Il progresso si sviluppa in sequenze lineari di stanze-enigma. Spesso è necessario passare da una creatura all'altra o posizionarle strategicamente per superare pericoli come predatori di grandi dimensioni. Gli incontri con enormi abitanti degli abissi creano tensione, poiché il giocatore deve ricorrere all'ingegno e al possesso invece che allo scontro diretto.
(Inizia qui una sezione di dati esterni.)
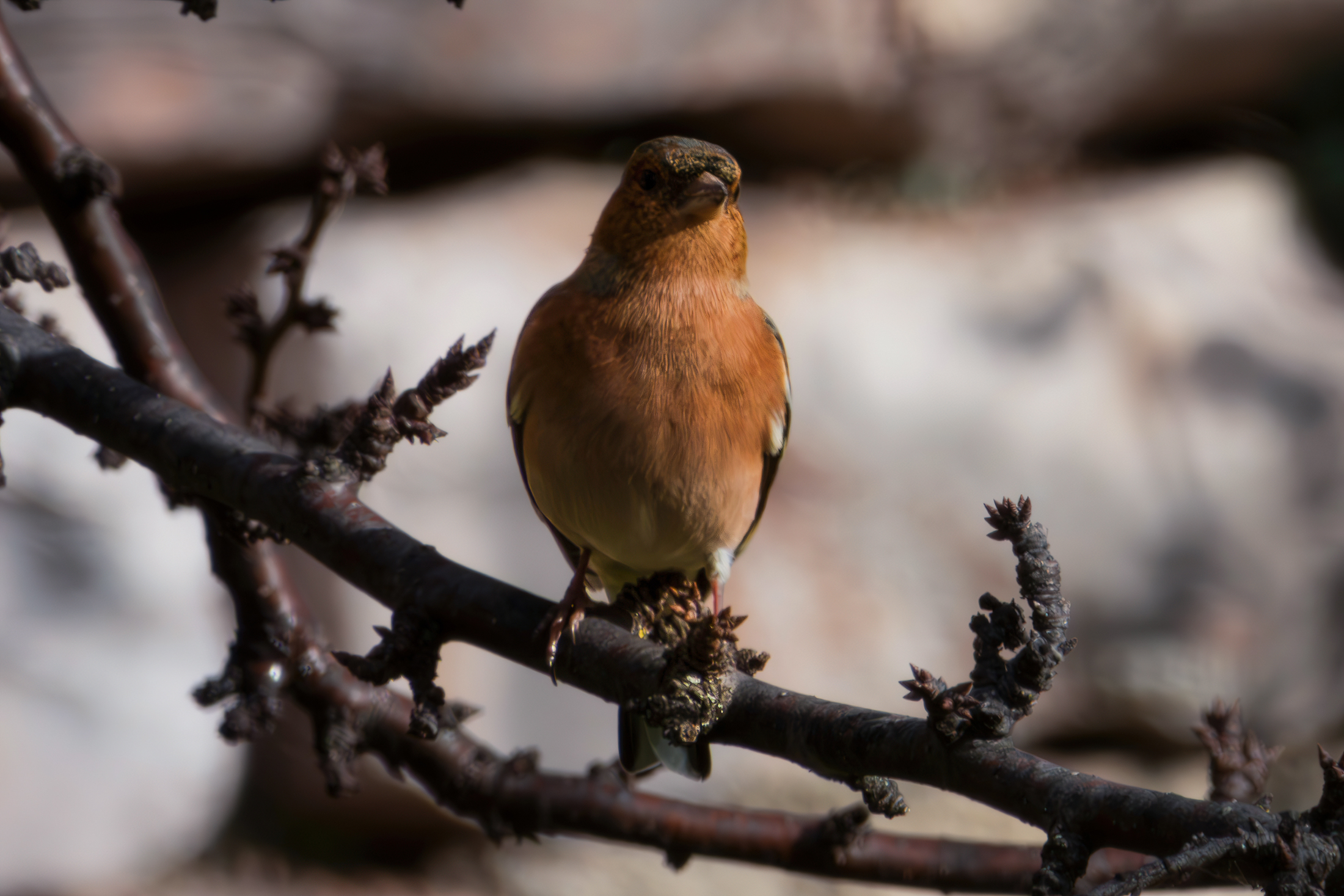 Chaffinch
Lo stile monocromatico accentua l'atmosfera grazie a schizzi dettagliati di organismi bizzarri, rovine sommerse e antichi congegni, mentre il sound design rafforza il senso di isolamento.
I comandi restano semplici su tutte le piattaforme, anche se i movimenti appaiono volutamente misurati e l'assenza di checkpoint frequenti può generare ripetizioni durante le fasi di prova ed errore. Il gioco si svolge in un'unica narrazione continua, senza diramazioni né collezionabili oltre agli oggetti necessari al progresso.
Modalità di gioco
Silt propone un'esperienza puzzle-adventure in singolo, senza modalità separate, opzioni multiplayer né aggiornamenti post-lancio. La struttura rimane lineare dall'inizio alla fine, guidando il giocatore attraverso una serie di aree sottomarine interconnesse verso un obiettivo centrale legato a macchinari dormienti. Tutte le sfide si svolgono all'interno di questa campagna unificata, sfruttando il sistema di possesso per offrire varietà senza ricorrere a stili di gioco distinti o elementi competitivi.
Arte e atmosfera
La resa visiva riprende direttamente i disegni dell'artista Mr Mead, riproducendo l'intero mondo in netto bianco e nero. Questo approccio mette in risalto i dettagli delle creature e il degrado ambientale, mantenendo un tono inquietante coerente. Suoni e musica rafforzano l'atmosfera sinistra; il dialogo minimo lascia spazio all'audio ambientale, che accompagna l'esplorazione e gli incontri.
La varietà di creature va oltre i pesci comuni e include organismi specializzati che il giocatore deve riconoscere e utilizzare con creatività. I giganteschi Goliath rappresentano ostacoli o opportunità rilevanti, richiedendo tempismo preciso e combinazioni di abilità. La durata complessiva è contenuta: il gioco si completa generalmente in poche ore, a seconda della familiarità con gli enigmi.
Vale la pena giocarci?
Sulle principali piattaforme le recensioni sono perlopiù positive, con apprezzamenti per la direzione artistica distintiva, l'immersione atmosferica e il meccanismo innovativo del possesso, che lo distingue dalle classiche avventure sottomarine. Chi apprezza enigmi riflessivi e narrazione visiva sottolinea spesso la soddisfazione quando le abilità delle creature si integrano perfettamente con le sfide ambientali.
Alcune recensioni segnalano limiti come la breve durata complessiva, la semplicità di certi enigmi e la frustrazione causata da controlli imprecisi o indicazioni ridotte. Il titolo si adatta a chi cerca un'esperienza indie artistica e concentrata, piuttosto che campagne lunghe o funzionalità di rigiocabilità. Disponibile come esperienza completa senza stagioni né espansioni, rappresenta una scelta diretta per gli appassionati di puzzle-adventure surreali che privilegiano stile e originalità meccanica rispetto a lunghezza e complessità.